More important though than this is the fact that rain water contains some element of Nitrogen, particularly in my case living in a relatively clean atmosphere. Nitrogen of course in small quantities is necessary for sustained growth but any excess will very quickly show up on the roots as they will be rough with lumps showing all over them where eventually other side roots would develop from. From the middle of July onwards the tap root will have reached it's optimum length and the carrot will be well on it's way towards developing it's body bulk. From this point on the panes on top of the structure are closed so hardly any rain water gets at the crop at all minimising any chance of them getting too rough as well as the possibility of them splitting. You must remember that if your carrots are grown in drums or raised beds, the volume of material contained within those structures is considerable and though the top of the compost might well be very dry, there will be adequate moisture further down the drum or bed where the long tap root can get access to.

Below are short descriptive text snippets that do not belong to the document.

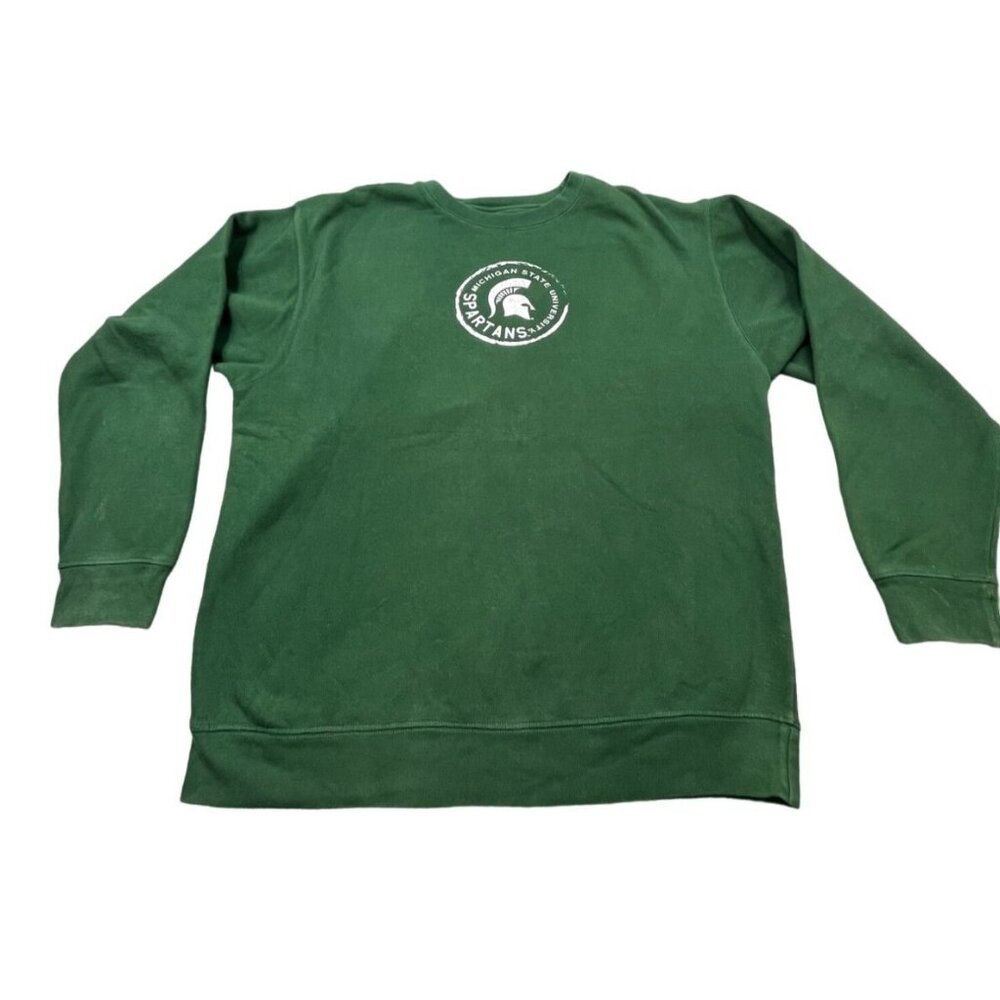 Vintage Michigan State Spartans Sweatshirt Mens Large Green Crewneck NCAA Y2K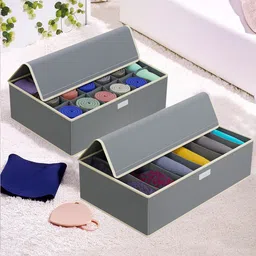 Kuber Industries Grey & White Set of 2 Foldable Socks Organisers for Wardrobe-3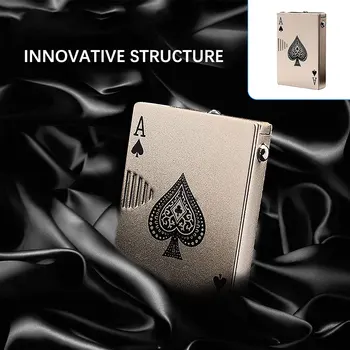 Kūrybos metalinis žiebtuvėlis modeliavimas tikroviška žaidimo kortelės žiebtuvėlis LED šviesos vyrų žaislas cigarečių priedai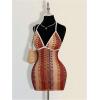 image:imageGORGLITTER Womens Boho Halter Bodycon Mini Dress Sleeveless Tie Backless Vacation Beach Short Dresses 2026Multicolor Red
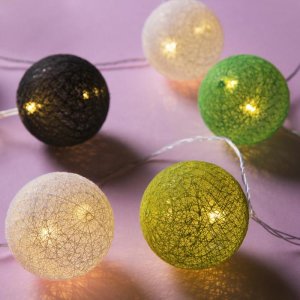 НИТЬ, 5м, с насад. "Клубки ЗЕЛЕНО-БЕЛЫХ ниток 6 см", LED-20-220V, фиксинг, Т/БЕЛЫЙ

Feeding is another contentious issue and I have to admit that most of my better carrots have been produced with hardly any feeding being carried out directly on top of the compost and around the plants. However you need to watch the plants foliage very careful and if they appear to be lacking in growth then I would much prefer to use a foliar fee on them such as Phostrogen or Chempak 8 which is high in phosphates for root development. If the foliage is looking pale or yellowing slightly then add a little bit of Epsom Salts to the spray to give the plant some extra Magnesium You must always remember that it's relatively easy to grow very large heavy rough specimens, but much more difficult to fit the judging requirements by producing well shaped, slowly tapering roots which are smooth all over and posses a bright red colour.
Always bear in mind this year that Condition is paramount if you are being judged to RHS rules as it is 6 points with Colour and Uniformity having 5 points each between them making a total of ten. However if your long carrots are going to be judged to the new NVS handbook then condition on it's own is even more important as not only has it 6 points but colour has only 3 points and Uniformity 4 making a total of 7 points, so as a single criteria, Condition, and rightly so, bears more weight if judged by NVS rules than by RHS rules.
From now on, gently water your carrots as and when needed keeping the surface of the compost uniformly moist, and feed only as a last resort, forcing the growth along at this stage will do you no good and you will live to regret the day you fed them on the day that you pull them from the bore hole. Time is still on your side, and if you prepared the beds and your mixture thoroughly, you should be pulling some excellent roots from the middle of August onwards.